What is Mindfulness, you might ask? Before I met Claire I was asking the same question, and I was unsure of the answer – I have done plenty of meditation in my time, but often inside a studio. I thought perhaps mindfulness would help me be more present in the moment and think less about the “what-ifs” of the future and past. I felt like a nature reserve was the perfect place to practice mindfulness and meditation, and I was excited to find out more and to add my experience and knowledge of being out in nature to Claire’s experience and knowledge. 

Mindfulness

Come Saturday a brave group of attendees joined us on a slightly cold and windy morning to discover more, and Claire was quick to tell us that any of our preconceptions of mindfulness should be left at the door so we could approach the sessions with an open mind. She explained that, in our Western culture we tend to give much importance to the thinking mind, and in doing so we miss out on the range of our human experience of ‘aliveness’ - if we don’t pay equal attention to all the other parts of our moment-to-moment experience (sights, sounds, scents, touch, emotions, body sensation etc).

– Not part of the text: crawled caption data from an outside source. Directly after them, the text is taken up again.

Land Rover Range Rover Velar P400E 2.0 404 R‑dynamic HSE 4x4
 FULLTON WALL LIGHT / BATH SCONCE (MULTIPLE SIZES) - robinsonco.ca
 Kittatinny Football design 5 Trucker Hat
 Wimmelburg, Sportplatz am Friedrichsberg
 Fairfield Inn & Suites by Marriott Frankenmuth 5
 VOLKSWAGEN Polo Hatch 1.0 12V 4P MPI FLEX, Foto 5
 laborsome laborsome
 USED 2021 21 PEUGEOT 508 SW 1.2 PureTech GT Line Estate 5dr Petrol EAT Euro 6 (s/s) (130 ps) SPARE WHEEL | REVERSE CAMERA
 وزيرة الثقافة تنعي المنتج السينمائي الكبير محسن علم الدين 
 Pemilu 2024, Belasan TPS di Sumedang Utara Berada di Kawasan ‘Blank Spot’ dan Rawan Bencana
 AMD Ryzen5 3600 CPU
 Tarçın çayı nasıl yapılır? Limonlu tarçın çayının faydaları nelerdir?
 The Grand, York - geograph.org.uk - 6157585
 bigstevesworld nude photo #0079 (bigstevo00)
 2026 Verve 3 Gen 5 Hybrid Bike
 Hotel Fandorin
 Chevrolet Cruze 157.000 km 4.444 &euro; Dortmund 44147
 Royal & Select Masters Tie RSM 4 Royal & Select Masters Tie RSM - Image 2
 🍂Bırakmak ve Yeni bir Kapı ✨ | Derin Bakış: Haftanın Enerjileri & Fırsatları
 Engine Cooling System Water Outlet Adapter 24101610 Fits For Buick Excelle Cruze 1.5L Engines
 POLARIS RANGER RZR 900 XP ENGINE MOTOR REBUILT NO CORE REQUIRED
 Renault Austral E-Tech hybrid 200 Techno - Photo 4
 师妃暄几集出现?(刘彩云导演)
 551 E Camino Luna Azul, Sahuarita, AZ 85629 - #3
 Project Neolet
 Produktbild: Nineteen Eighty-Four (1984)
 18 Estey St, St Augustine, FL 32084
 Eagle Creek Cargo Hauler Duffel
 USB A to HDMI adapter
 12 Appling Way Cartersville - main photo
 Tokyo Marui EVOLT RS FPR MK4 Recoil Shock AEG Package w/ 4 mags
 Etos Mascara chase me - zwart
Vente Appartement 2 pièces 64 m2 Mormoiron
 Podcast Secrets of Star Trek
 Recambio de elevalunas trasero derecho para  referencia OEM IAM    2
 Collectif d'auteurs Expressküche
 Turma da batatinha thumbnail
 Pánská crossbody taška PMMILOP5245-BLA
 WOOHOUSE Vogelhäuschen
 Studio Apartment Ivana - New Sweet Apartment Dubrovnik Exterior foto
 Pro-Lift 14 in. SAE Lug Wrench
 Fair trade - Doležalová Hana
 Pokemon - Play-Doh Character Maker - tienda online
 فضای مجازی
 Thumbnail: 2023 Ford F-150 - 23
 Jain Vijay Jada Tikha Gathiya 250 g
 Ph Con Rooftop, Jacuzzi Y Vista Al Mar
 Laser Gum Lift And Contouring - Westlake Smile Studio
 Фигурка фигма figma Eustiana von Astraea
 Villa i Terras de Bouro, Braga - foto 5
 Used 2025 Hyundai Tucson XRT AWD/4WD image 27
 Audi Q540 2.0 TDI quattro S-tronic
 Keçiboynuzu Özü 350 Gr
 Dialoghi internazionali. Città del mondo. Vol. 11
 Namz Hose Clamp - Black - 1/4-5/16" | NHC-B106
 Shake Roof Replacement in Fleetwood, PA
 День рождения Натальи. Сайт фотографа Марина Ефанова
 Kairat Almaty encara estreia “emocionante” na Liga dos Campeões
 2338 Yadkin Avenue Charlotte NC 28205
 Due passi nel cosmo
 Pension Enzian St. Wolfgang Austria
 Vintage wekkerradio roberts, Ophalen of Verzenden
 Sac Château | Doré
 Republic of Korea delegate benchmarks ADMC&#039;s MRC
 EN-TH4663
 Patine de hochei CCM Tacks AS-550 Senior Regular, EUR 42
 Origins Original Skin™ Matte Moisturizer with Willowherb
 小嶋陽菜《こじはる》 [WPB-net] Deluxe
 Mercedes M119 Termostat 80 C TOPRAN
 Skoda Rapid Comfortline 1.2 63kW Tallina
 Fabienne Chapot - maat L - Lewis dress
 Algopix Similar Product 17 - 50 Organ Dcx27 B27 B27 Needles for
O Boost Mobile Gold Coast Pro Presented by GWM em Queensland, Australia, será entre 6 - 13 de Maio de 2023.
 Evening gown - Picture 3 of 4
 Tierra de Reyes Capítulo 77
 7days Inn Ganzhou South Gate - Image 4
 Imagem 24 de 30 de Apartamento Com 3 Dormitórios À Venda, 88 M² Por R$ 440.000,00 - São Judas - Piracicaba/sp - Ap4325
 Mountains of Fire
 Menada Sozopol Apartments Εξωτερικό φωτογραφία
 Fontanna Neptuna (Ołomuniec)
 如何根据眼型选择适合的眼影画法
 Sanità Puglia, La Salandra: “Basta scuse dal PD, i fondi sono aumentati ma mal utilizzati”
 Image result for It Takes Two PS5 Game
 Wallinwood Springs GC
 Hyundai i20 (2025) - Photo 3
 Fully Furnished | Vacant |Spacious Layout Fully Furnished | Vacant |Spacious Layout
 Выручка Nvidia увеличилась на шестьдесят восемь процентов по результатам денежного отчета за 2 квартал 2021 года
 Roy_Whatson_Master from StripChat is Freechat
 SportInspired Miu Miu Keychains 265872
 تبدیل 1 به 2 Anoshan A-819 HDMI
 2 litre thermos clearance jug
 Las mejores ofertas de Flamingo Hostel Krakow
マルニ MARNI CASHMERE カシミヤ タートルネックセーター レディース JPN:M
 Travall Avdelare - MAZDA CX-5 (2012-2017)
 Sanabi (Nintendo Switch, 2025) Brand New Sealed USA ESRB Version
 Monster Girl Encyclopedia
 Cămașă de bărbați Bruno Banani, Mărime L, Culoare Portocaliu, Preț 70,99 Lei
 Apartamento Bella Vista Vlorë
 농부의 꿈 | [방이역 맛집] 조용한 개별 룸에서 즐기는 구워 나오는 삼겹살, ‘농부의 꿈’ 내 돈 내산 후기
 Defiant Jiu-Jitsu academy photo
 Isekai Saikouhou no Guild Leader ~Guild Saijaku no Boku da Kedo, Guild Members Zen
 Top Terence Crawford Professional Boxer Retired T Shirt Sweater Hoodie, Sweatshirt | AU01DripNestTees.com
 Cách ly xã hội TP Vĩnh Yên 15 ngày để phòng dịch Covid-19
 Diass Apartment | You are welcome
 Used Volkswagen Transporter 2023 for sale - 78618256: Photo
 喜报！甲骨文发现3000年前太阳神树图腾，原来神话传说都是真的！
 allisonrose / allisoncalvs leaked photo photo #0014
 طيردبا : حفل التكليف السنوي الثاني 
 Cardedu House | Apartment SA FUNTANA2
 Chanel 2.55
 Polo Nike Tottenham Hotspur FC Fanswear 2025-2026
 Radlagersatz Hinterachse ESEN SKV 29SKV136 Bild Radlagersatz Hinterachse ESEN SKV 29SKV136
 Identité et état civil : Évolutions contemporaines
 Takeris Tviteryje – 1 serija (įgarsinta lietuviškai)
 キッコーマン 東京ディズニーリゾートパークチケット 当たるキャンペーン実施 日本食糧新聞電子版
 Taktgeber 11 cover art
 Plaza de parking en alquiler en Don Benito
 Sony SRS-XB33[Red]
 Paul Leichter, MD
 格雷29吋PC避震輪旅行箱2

To help us explore this, we did some meditation – sometimes quietly just experiencing the reserve around us, sometimes guided by Claire’s relaxing voice. We took a mindful walk in the woods and were overwhelmed by the spring activity we found there when we actually paid full attention – looking at all those green colours of spring, listening to the sound of birdsong.

We then were asked to make a sensory map visually representing the soundscape around us in the woodland. And finally we finished the session with a thought-provoking discussion exploring our innate bond with the natural world and a restful, grounding guided meditation where we lay down which ended with a beautiful poem by Mary Oliver.

Mindfulness is about aliveness

I left the session feeling enlivened, relaxed and with a new, much richer appreciation of the natural world around me.

In Claire’s words: “Mindfulness is about aliveness. It’s about welcoming into our awareness the infinite different aspects of our experiences of being alive - within ourselves and around us - without judgement, with a gentle, compassionate hold wherever possible. It’s about remembering how to let it all in - the way we perhaps did when we were children. It’s about connection and belonging - bringing our awareness back our two natural homes - our body and the rest of the natural world around us on the planet.”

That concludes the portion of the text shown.